Material supplied:
=-=-=-=-=

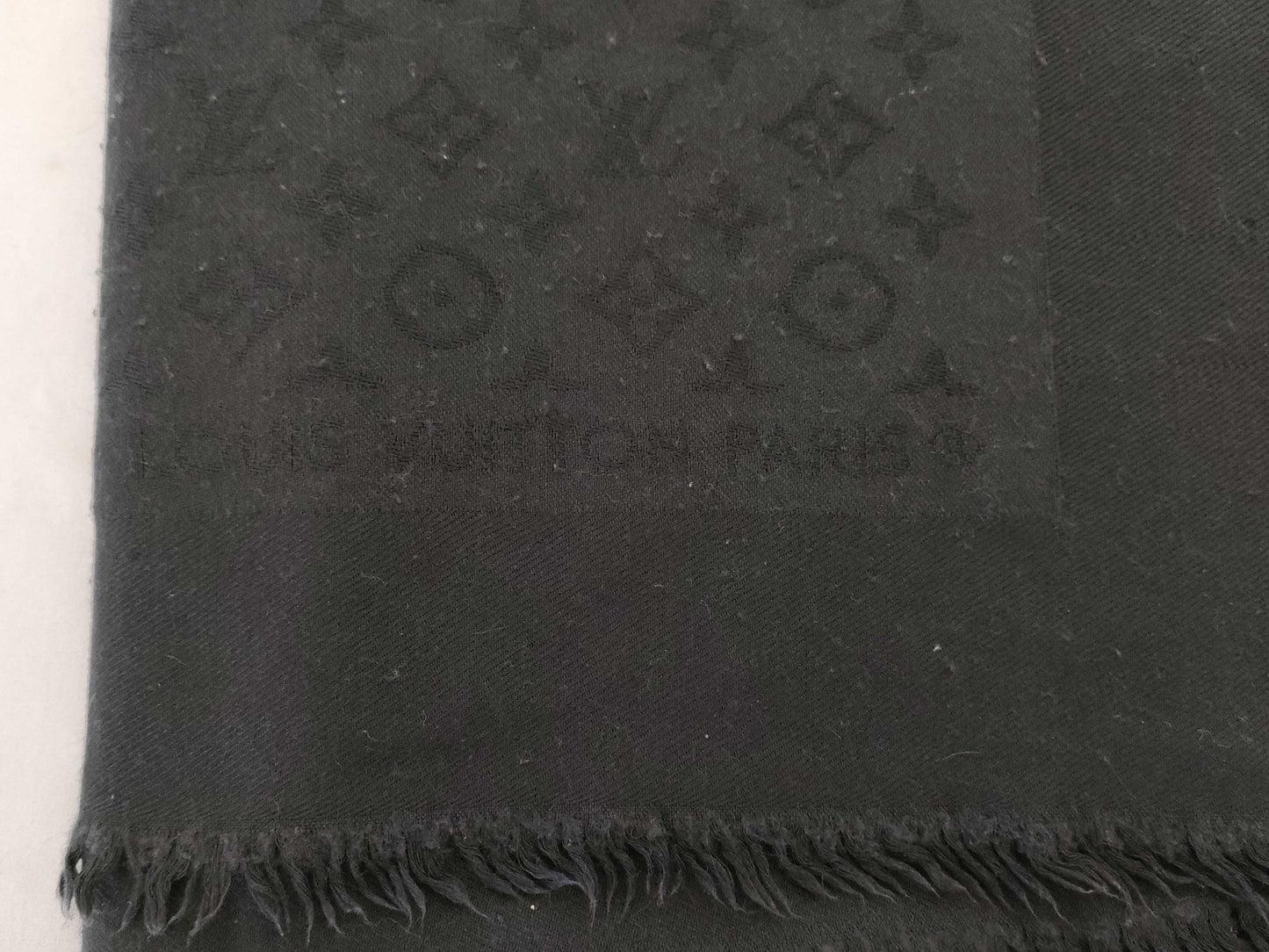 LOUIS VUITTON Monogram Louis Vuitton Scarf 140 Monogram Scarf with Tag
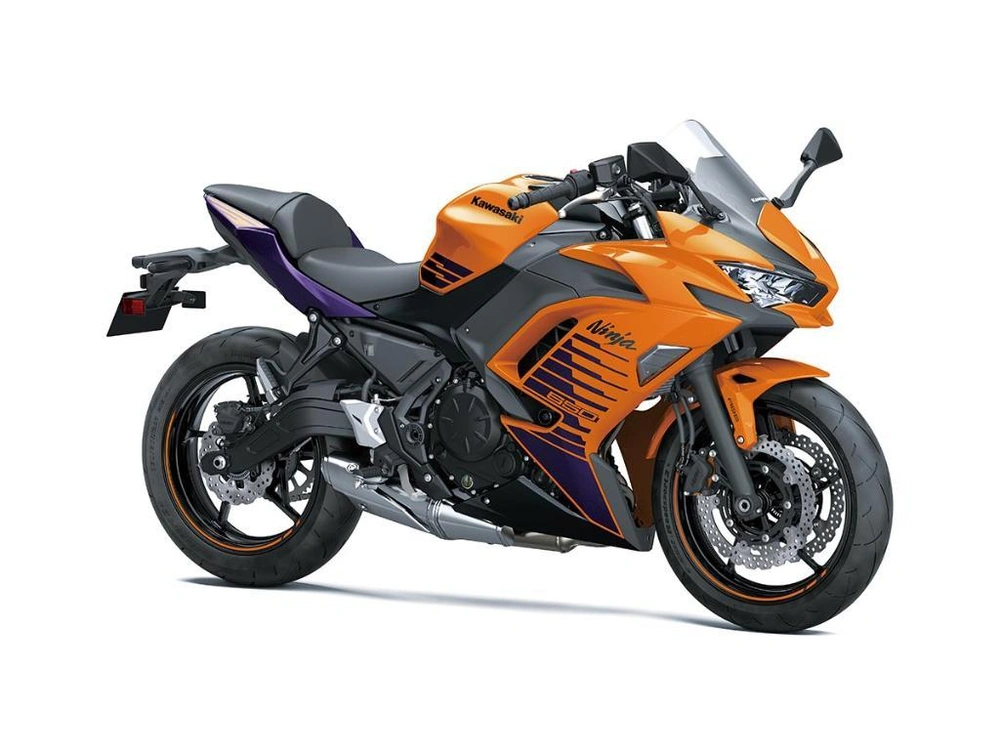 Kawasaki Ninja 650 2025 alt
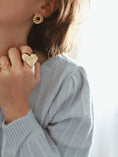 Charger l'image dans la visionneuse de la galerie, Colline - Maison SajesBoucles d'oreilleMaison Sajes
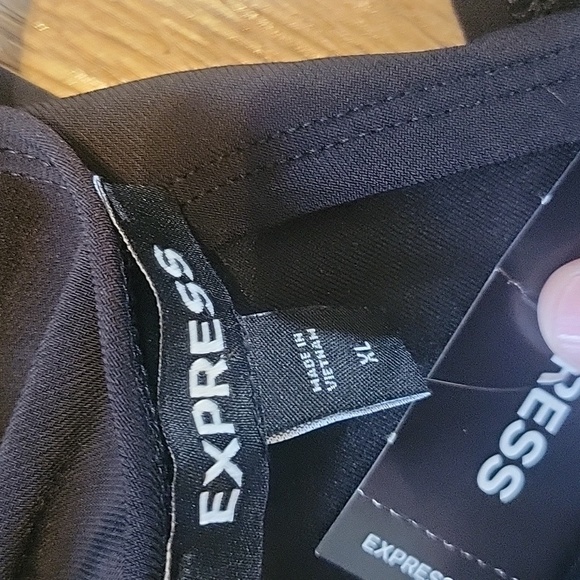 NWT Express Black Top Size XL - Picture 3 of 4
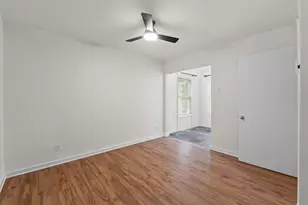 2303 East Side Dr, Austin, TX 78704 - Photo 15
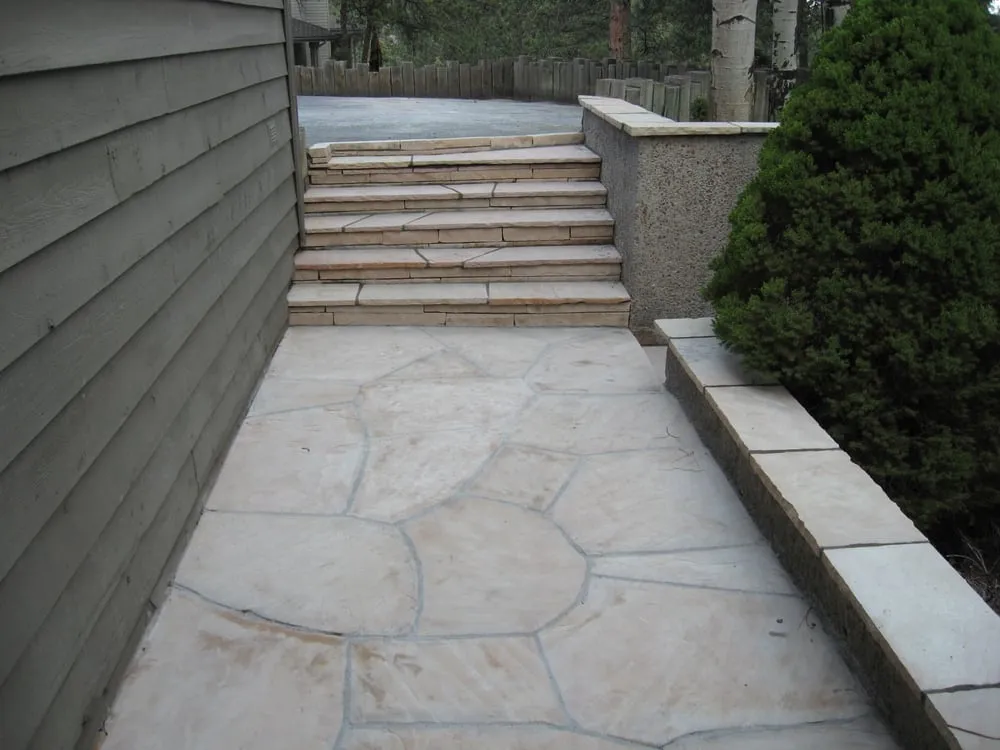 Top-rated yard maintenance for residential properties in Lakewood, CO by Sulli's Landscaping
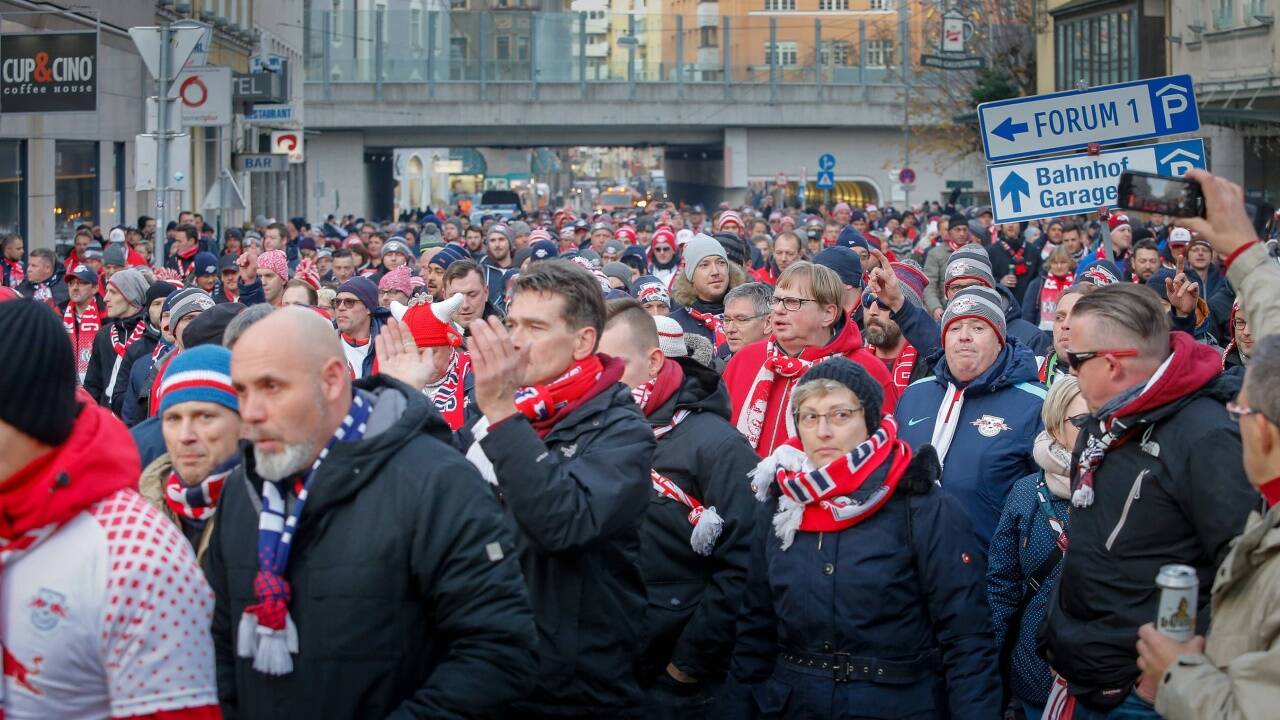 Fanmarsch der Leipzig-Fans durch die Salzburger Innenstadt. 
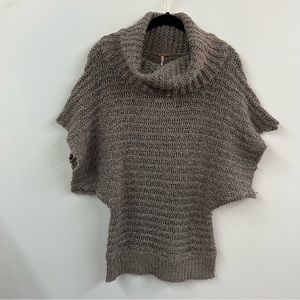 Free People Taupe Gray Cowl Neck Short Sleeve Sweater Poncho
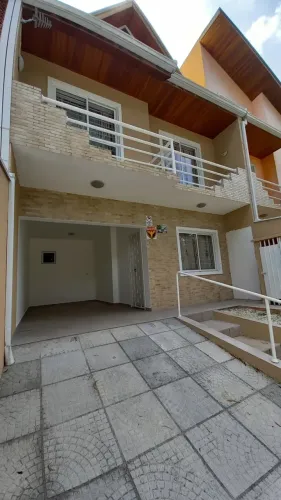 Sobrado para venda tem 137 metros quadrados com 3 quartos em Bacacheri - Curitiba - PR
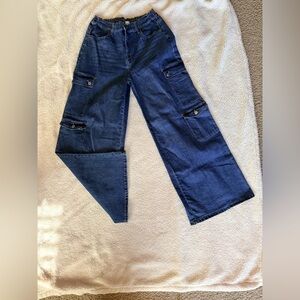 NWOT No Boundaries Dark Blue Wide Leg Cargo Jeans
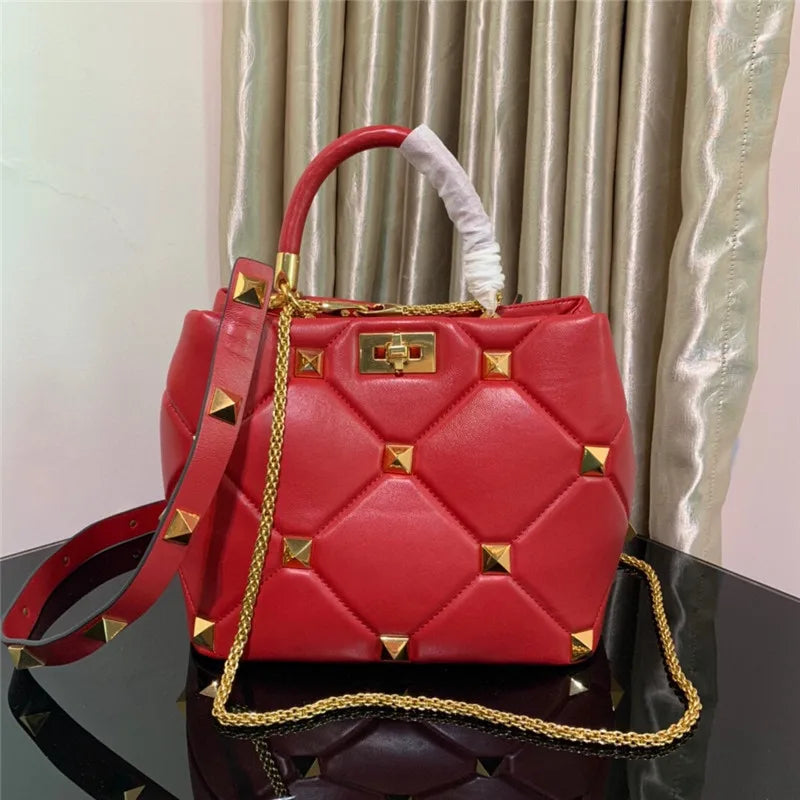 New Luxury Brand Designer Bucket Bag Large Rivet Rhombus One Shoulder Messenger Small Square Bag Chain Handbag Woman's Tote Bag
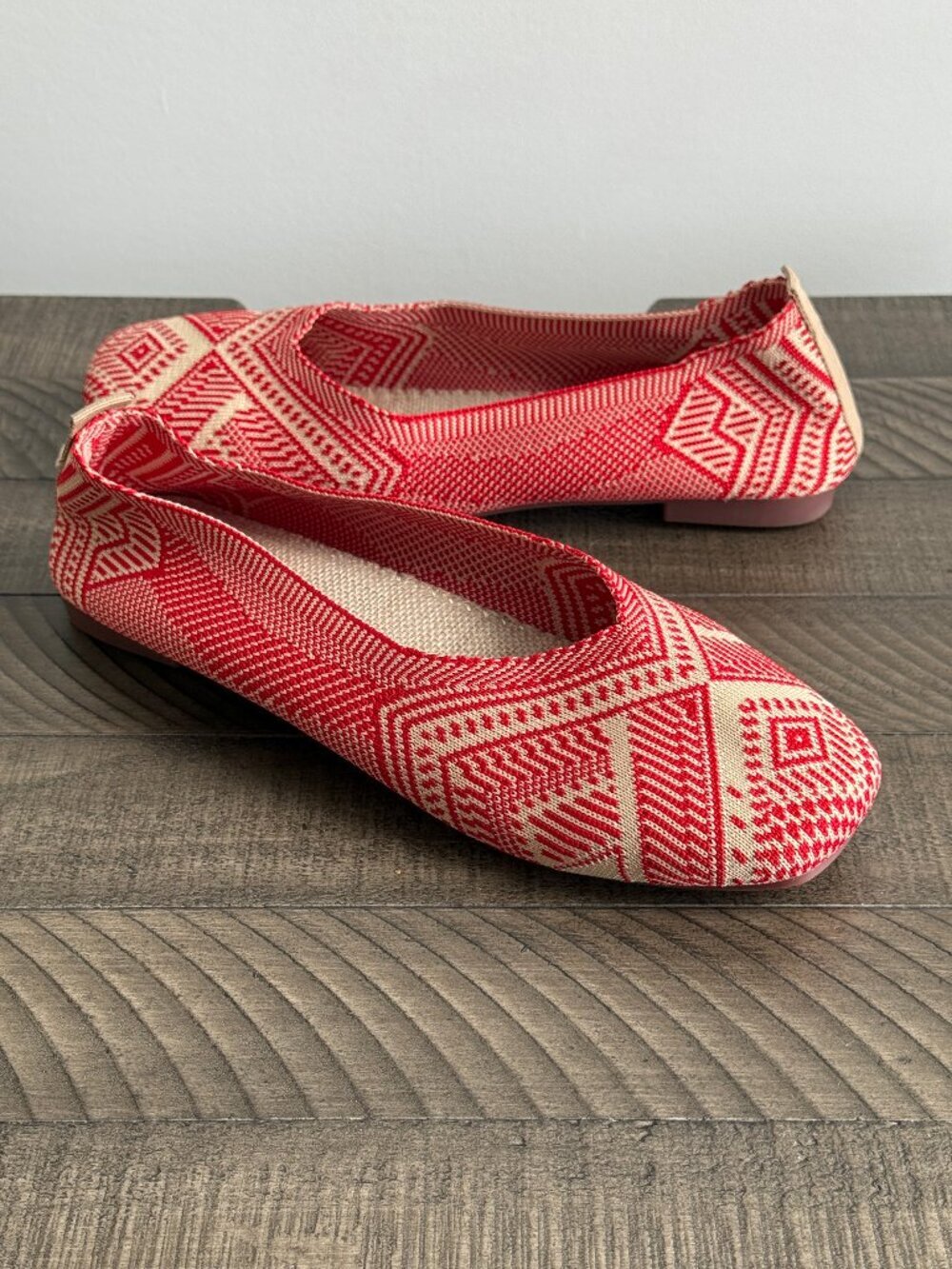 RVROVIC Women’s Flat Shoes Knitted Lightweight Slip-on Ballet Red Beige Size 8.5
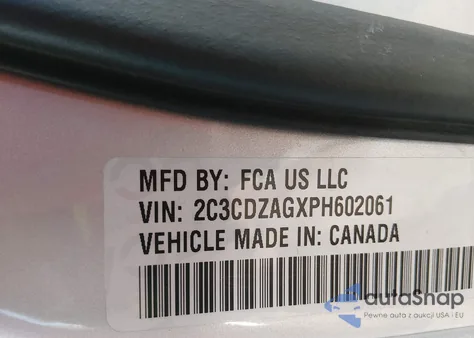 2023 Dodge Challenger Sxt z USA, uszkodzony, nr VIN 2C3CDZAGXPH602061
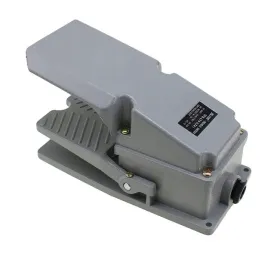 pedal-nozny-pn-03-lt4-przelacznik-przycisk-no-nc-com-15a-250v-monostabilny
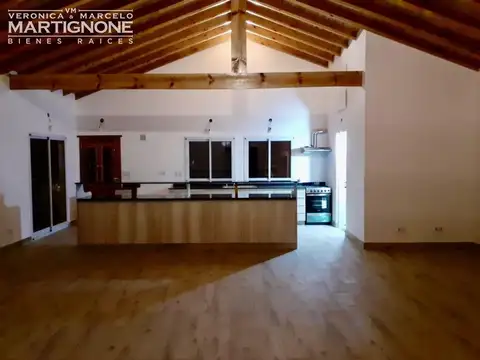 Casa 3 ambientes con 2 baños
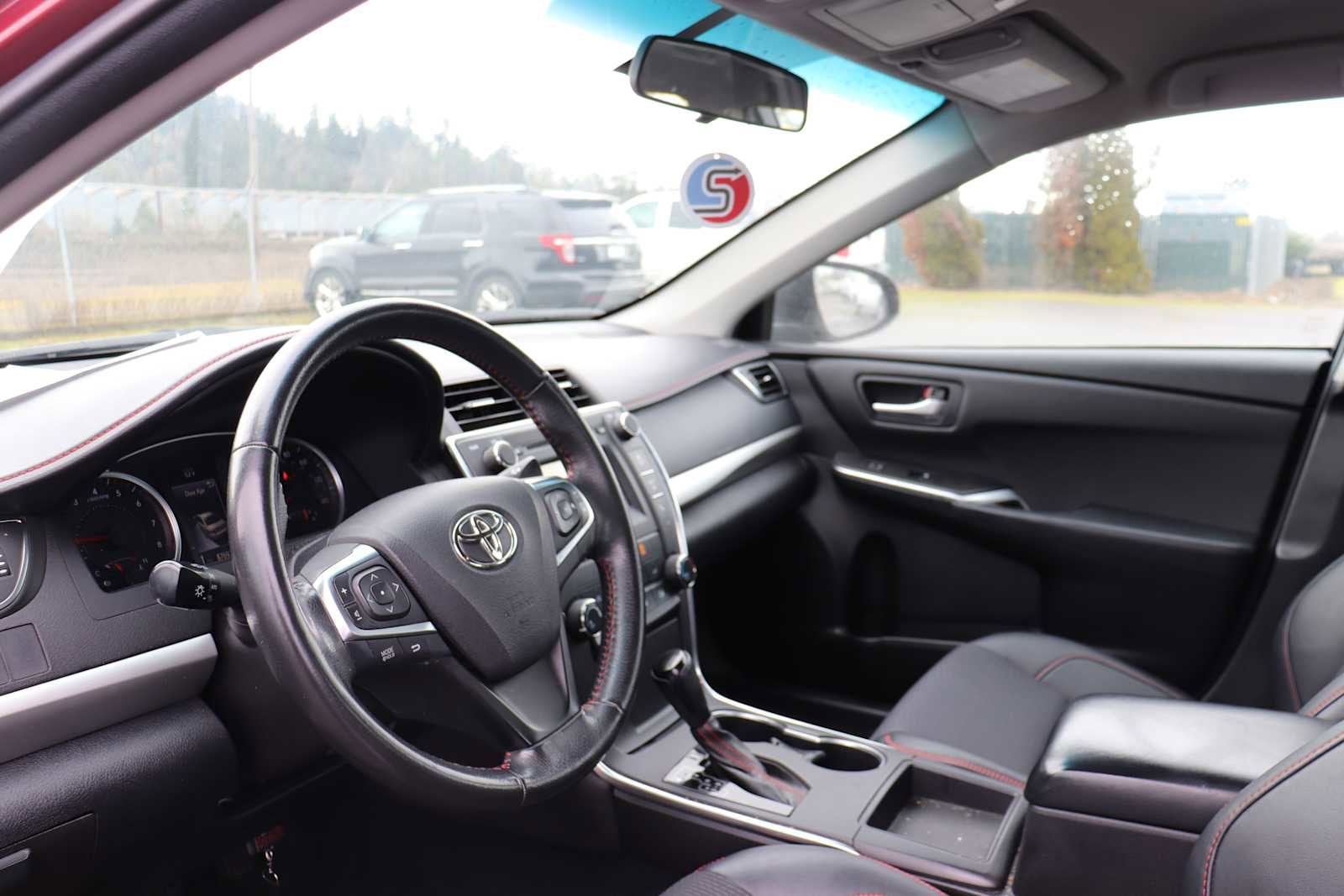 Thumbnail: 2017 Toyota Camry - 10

=-=-=-=-=

Work item:
Return verbatim every line from the line containing "Free People Taupe" to the last line of the entries above, inclusive, and leave out the pictures.

Task response:
 Free People Taupe Gray Cowl Neck Short Sleeve Sweater Poncho
 Sobrado para venda tem 137 metros quadrados com 3 quartos em Bacacheri - Curitiba - PR
 NWOT No Boundaries Dark Blue Wide Leg Cargo Jeans
 New Luxury Brand Designer Bucket Bag Large Rivet Rhombus One Shoulder Messenger Small Square Bag Chain Handbag Woman's Tote Bag
 RVROVIC Women’s Flat Shoes Knitted Lightweight Slip-on Ballet Red Beige Size 8.5
 2023 Dodge Challenger Sxt z USA, uszkodzony, nr VIN 2C3CDZAGXPH602061
 pedal-nozny-pn-03-lt4-przelacznik-przycisk-no-nc-com-15a-250v-monostabilny
 Casa 3 ambientes con 2 baños
 Thumbnail: 2017 Toyota Camry - 10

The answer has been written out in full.